Ce fléau, les quatre panélistes y sont confrontés dans leur travail au quotidien. En décembre 2012, le média Kosovo 2.0, qui abordait dans son quatrième numéro papier la question des droits des personnes LGBTQIA+ au Kosovo, a fait l’objet de violentes attaques. « Une vingtaine de hooligans ont tenté de pénétrer dans les locaux où nous organisions une soirée et ont commencé à attaquer les personnes présentes », se souvient Besa Luci, rédactrice en chef et co-fondatrice du média basé à Pristina. Dix ans plus tard, Kosovo 2.0 est toujours là et ses récits longs formats sur les atteintes aux droits humains sont devenus des articles de référence pour les médias locaux et internationaux tels que le Courrier des Balkans. « Il est important pour nous de ne pas avoir qu’une approche journalistique et de compter parmi nos collaborateurs des activistes, des étudiants et des chercheurs qui ont d’autres regards », explique Besa Luci.

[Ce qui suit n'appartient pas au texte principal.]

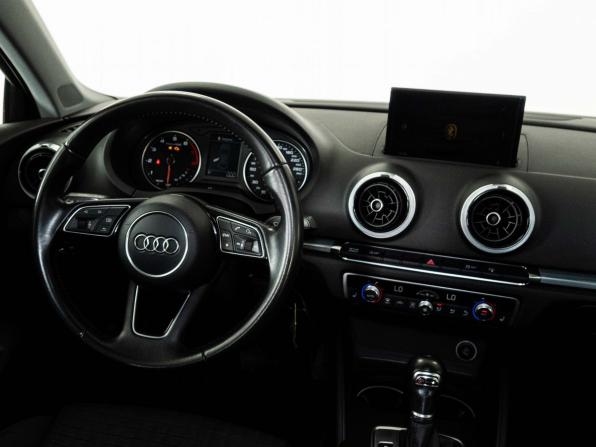 Audi A3 III (8V) Рестайлинг с пробегом 2016 года, цена 2 089 000 рублей, 78218 км, седан, Автокод Объявления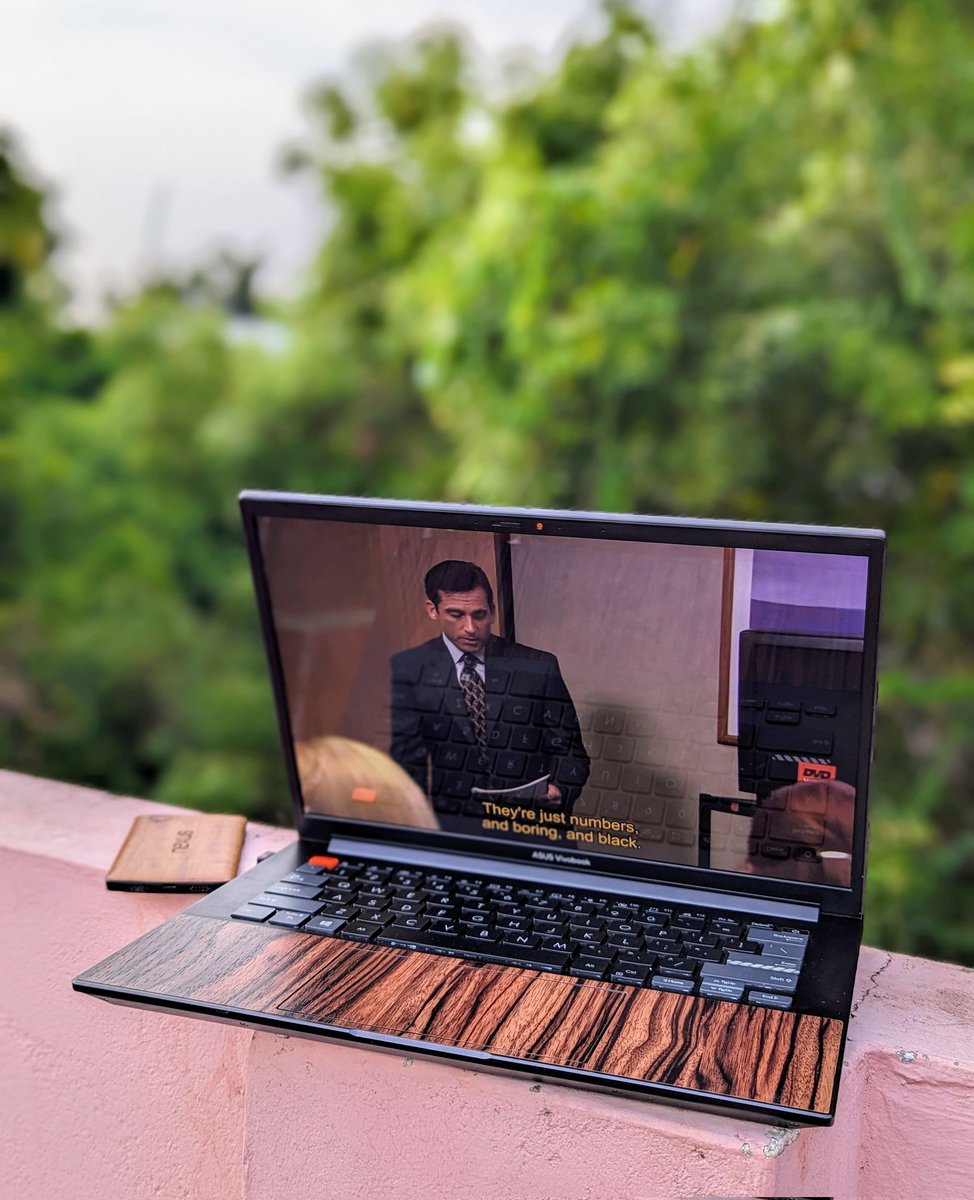 aunitstudios's tweet photo. @gadgetshieldz skin looks stunning on asus vivobook 14! better than i expected. https://t.co/qcul15FGj1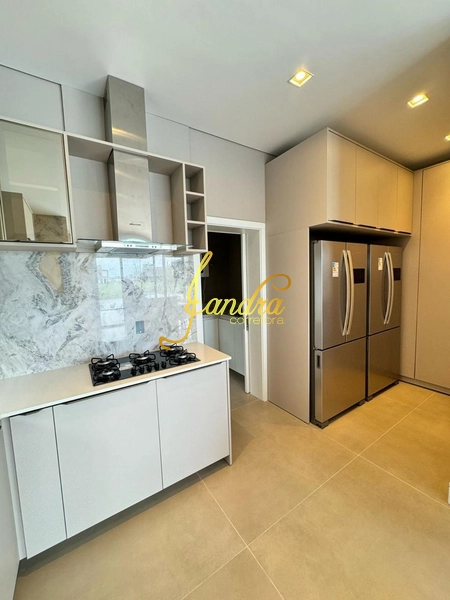 Sobrado mobiliado e decorado, beira Lago: 7ª foto da galeria de imagens do imóvel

À ses côtés, quatre autres panélistes ont pris la parole et brossé un tableau de la situation au Kosovo, en Albanie ou en Serbie : Besarta Breznica est chargée de programme pour lutter contre la violence basée sur le genre au sein du Kosovo Women’s Network à Pristina ; Jovana Gligorijević est journaliste à Vreme et a co-fondé le groupe Femmes journalistes contre la violence sexiste à Belgrade ; Dardan Hoti, journaliste et documentariste, dirige Sekhmet, une ONG basée à Pristina dans le but de défendre les droits humains et des personnes LGBTQI+ ; et Liri Kuçi a co-fondé et co-dirige le magazine féministe Shota à Tirana.
« Notre rôle est de répertorier les cas de violences et féminicides mais aussi de donner la parole aux personnes marginalisées », explique Liri Kuçi. Et si la une certaine prise de conscience de ces violences a émergé ces dernières années, Jovana Gligorijević reconnait qu’un « gros travail reste à faire et des ponts doivent être créés entre les pays et toutes les personnes désireuses d’améliorer les droits en dépit du manque de réponses des autorités ».
Face à un cas de violence de genre ou homophobe, le regard du journaliste est-il différent de celui de l’activiste ? Comment médias et ONG peuvent-ils coopérer et mutualiser leurs efforts sur le long terme ? Ces questions ont été abordées sous forme d’ateliers l’après-midi. « C’est extrêmement enrichissant de pouvoir s’asseoir ensemble à une table et comprendre comment chacun fonctionne, les impératifs du média, le positionnement de l’ONG », analysent Venera Ismaili et Berat Bajrami, membres du centre Artpolis et du Festival féministe Femart, venus participer à l’atelier.
Les échanges se sont prolongés au Bubble bar, premier bar queer ouvert à Pristina. Le Courrier des Balkans et l’Institut Musine Kokalari tiennent à remercier les ambassades de Belgique, de Suisse et du Luxembourg pour leur soutien et leur présence lors de ces rencontres.